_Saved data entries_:
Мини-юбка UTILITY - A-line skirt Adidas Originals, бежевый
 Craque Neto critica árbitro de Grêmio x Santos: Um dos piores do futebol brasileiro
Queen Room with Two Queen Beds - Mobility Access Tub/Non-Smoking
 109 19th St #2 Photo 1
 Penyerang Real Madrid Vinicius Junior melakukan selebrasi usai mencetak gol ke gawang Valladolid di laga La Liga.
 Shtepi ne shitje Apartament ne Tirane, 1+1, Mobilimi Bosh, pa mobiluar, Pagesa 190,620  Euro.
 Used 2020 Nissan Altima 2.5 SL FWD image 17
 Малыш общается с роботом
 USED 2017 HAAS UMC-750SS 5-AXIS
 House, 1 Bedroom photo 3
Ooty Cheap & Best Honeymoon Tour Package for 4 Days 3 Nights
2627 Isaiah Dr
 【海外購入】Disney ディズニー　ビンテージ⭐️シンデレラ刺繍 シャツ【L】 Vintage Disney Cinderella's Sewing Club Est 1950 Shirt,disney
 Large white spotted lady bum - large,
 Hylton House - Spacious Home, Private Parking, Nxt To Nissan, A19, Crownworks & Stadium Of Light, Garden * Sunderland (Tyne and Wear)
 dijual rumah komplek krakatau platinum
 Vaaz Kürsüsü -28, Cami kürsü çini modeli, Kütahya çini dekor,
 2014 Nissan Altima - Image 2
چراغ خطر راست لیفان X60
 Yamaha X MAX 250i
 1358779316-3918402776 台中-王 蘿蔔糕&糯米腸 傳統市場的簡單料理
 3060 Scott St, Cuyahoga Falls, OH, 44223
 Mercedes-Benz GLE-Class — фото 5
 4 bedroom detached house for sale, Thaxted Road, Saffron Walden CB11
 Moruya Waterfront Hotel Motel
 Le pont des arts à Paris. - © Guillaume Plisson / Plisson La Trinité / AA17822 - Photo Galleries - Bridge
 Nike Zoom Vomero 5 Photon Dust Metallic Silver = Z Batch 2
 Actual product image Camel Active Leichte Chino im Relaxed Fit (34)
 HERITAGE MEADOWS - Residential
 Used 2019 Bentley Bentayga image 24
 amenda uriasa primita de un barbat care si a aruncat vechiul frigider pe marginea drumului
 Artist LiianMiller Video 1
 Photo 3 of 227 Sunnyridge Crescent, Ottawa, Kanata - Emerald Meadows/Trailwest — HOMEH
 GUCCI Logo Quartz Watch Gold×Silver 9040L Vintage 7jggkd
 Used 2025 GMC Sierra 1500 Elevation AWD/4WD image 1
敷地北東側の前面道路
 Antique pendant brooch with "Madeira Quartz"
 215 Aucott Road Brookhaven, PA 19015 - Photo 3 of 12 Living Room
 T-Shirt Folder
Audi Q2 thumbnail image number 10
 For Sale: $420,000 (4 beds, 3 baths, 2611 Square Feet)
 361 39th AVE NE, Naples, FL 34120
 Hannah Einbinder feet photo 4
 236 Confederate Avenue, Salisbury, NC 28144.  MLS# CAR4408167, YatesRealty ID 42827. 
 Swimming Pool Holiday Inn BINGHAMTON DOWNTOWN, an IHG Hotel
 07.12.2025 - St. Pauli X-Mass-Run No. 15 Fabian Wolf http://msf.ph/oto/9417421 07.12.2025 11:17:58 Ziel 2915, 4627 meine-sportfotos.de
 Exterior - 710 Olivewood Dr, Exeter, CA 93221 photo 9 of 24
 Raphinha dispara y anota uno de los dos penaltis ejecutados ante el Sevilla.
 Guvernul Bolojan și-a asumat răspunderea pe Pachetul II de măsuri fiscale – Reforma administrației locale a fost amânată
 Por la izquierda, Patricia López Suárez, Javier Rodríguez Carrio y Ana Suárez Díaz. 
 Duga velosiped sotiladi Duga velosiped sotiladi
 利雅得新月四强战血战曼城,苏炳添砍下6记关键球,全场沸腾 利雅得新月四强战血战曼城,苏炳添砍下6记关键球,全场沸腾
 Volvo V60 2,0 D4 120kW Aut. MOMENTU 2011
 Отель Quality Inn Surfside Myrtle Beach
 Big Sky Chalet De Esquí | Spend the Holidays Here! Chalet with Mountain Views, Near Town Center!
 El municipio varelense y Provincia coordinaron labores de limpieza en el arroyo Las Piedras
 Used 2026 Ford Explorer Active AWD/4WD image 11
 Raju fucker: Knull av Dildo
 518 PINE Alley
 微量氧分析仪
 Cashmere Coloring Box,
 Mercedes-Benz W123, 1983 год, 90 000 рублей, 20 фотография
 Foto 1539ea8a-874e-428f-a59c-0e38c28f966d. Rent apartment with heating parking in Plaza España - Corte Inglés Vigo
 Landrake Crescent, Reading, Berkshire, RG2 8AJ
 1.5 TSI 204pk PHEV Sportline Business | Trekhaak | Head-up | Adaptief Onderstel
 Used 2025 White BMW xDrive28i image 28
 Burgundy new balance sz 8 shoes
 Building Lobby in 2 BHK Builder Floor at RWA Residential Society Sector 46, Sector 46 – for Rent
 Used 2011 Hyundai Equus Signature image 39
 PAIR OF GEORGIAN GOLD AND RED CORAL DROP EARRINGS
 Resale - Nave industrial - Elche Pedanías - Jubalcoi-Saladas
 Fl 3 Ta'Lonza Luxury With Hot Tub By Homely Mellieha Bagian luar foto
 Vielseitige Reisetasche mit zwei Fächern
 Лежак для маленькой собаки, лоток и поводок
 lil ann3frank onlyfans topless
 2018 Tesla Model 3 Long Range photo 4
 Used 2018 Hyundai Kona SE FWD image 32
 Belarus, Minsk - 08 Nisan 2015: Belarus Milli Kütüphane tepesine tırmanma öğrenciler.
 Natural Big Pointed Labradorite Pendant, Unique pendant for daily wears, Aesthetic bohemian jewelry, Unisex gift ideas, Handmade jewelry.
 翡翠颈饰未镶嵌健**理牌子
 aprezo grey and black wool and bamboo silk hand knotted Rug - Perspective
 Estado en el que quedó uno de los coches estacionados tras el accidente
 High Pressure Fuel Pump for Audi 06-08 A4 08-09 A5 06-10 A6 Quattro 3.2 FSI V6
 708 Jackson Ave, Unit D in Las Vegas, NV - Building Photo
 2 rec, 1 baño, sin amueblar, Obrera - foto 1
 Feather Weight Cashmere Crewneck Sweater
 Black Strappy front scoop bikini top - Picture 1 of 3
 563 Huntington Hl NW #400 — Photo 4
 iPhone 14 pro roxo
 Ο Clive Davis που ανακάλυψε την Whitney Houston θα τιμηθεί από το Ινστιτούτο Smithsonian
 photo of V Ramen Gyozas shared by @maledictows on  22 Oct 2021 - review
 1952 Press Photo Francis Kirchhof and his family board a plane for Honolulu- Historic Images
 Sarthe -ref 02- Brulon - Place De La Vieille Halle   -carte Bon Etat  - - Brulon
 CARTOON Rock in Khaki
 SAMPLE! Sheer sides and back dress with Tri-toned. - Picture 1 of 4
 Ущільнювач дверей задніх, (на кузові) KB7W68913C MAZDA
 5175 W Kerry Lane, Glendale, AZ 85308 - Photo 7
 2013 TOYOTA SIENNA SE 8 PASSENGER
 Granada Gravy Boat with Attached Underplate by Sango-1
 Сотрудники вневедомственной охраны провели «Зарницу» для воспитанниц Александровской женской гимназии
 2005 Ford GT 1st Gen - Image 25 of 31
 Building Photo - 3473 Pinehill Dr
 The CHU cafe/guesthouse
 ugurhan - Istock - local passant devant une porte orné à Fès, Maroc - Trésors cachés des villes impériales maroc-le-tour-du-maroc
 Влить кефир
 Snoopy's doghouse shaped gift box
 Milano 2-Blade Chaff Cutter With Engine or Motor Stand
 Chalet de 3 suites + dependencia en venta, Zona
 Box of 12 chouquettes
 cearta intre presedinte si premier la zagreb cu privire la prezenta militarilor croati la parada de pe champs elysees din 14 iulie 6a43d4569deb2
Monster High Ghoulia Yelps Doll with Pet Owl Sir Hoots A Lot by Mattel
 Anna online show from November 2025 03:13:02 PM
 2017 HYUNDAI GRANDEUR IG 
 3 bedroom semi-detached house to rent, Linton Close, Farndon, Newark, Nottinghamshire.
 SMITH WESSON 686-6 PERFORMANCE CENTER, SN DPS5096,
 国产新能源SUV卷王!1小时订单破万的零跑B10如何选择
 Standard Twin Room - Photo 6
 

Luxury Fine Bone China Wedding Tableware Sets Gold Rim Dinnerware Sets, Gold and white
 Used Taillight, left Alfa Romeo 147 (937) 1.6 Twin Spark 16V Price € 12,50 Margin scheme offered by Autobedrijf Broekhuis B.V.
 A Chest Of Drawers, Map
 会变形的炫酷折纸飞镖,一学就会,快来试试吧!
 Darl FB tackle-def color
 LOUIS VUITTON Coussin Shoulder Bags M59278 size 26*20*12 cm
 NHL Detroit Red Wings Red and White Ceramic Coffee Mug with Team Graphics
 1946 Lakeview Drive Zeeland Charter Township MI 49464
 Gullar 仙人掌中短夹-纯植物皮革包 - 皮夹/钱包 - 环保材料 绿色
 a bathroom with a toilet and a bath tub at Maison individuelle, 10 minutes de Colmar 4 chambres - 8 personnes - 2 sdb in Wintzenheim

_What this task involves_:
Using the records above, work out how many lines hold the string "Active"; answer with that number alone.

_Problem solution_:
2